Bir takım toplantısı yaptık ve her şeyi masaya yatırdık. Hepimiz, takımda neler olup bittiği ile ilgili konuştuk. İyisiyle, kötüsüyle… Neleri daha fazla yapmamız gerektiğini, neleri daha az yapmamız gerektiğini konuştuk ve hepimiz bir anlamda içimizi döktük. Verimli bir toplantı oldu.
Daha sonra hepimiz o maça çıktık. Barcelona’nın ligin en iyi takımlarından biri olduğunu biliyorduk ve bir şeyleri kanıtlamak istiyorduk. Bence sezon orada döndü. O maçı kazandık. Sonlara doğru epey farklı öndeydik ama Barcelona, seri bulup maçı yakın bitirdi. Yine de kazandık ve bence bu özgüvenimizi kazanmamıza yardımcı oldu.
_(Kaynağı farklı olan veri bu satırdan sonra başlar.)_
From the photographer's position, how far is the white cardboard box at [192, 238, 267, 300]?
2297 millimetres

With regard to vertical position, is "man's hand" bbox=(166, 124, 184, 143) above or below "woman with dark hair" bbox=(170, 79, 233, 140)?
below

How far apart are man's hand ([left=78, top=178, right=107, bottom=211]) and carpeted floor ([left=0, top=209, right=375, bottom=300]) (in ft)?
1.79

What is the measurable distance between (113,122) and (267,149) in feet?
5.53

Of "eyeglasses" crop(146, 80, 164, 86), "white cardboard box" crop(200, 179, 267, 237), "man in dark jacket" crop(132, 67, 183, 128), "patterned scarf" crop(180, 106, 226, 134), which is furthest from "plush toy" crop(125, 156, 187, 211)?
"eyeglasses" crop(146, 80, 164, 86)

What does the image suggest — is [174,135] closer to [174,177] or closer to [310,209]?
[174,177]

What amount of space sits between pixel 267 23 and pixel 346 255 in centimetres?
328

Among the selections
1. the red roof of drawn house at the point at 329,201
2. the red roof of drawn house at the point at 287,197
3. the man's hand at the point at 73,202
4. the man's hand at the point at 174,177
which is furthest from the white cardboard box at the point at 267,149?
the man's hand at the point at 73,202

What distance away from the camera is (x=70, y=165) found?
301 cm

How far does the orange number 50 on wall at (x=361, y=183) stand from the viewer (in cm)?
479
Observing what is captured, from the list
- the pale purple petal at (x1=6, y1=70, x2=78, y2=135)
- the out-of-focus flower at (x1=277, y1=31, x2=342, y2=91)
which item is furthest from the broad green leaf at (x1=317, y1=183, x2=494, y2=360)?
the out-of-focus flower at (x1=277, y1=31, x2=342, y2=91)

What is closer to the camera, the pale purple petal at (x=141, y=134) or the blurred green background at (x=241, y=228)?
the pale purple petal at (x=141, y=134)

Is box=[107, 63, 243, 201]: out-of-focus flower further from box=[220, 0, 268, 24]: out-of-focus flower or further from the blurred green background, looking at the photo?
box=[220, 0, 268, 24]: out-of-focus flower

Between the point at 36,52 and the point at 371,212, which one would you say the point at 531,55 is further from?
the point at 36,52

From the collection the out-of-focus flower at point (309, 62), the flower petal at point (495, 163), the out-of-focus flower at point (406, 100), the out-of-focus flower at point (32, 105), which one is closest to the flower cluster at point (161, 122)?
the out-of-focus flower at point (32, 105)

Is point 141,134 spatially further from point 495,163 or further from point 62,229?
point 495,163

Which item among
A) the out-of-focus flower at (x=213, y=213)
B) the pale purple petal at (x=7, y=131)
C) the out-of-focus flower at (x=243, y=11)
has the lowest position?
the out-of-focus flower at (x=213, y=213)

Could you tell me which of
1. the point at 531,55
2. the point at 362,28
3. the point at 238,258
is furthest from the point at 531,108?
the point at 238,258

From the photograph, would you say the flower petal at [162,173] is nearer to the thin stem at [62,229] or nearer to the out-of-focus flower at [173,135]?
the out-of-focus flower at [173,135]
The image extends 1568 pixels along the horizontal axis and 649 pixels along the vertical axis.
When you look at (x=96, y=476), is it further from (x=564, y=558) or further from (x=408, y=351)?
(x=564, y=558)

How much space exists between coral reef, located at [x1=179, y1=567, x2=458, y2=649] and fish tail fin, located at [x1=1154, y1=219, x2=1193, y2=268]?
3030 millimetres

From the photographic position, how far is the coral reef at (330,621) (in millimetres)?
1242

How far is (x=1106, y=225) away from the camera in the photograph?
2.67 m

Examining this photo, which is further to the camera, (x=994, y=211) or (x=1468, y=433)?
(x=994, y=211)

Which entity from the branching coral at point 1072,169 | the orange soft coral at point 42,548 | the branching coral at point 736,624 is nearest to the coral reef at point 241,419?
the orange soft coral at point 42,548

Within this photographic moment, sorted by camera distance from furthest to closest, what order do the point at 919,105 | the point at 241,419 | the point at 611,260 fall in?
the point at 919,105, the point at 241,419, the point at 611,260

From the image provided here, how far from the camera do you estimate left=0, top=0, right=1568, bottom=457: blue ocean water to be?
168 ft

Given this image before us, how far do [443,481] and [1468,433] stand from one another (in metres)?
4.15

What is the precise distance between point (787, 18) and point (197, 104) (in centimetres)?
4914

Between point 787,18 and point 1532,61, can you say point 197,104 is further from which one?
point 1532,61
Sonrasında bir ritim bulduk. Üst üste maçlar kazanmaya başladık. Rakiplerimize fark atmaya başladık. Sonlara doğru yalnızca birkaç maç kaybettik. Bence bizi ileri götüren, yeniden Final Four’da olmak ve şampiyonluk şansı bulmak için olmamız gereken konuma getiren an veya maç o’ydu.